What to do:
Word for word, please restate each record and pass over the pictures.

(Entries provided begins)

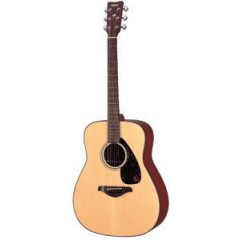 Yamaha FG-700S Акустическая гитара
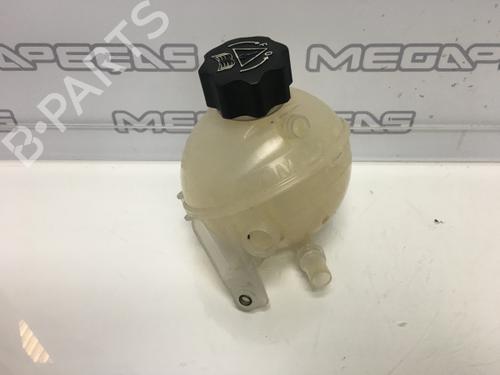 Used Expansion tank PEUGEOT 3008 I MPV (0U_) 1.6 HDi (109 hp) 12251595
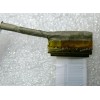LCD LVDS cable Sony SVF153, SVF153A1RT, SVF153A1QT, SVF15314SCW (p/n: DD0HKDLC000) 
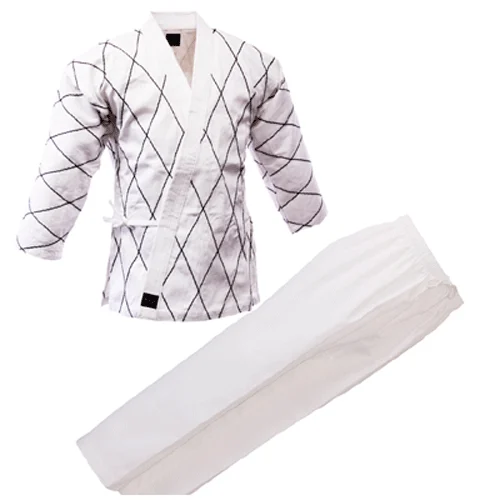 Hap Ki Do Uniform Set, White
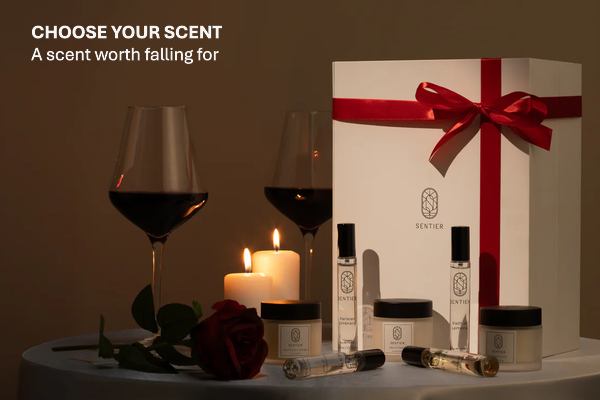 Sentier Fragrance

(Entries provided ends)

Answer to this task:
 Yamaha FG-700S Акустическая гитара
 Used Expansion tank PEUGEOT 3008 I MPV (0U_) 1.6 HDi (109 hp) 12251595
LCD LVDS cable Sony SVF153, SVF153A1RT, SVF153A1QT, SVF15314SCW (p/n: DD0HKDLC000) 
 Hap Ki Do Uniform Set, White
 Sentier Fragrance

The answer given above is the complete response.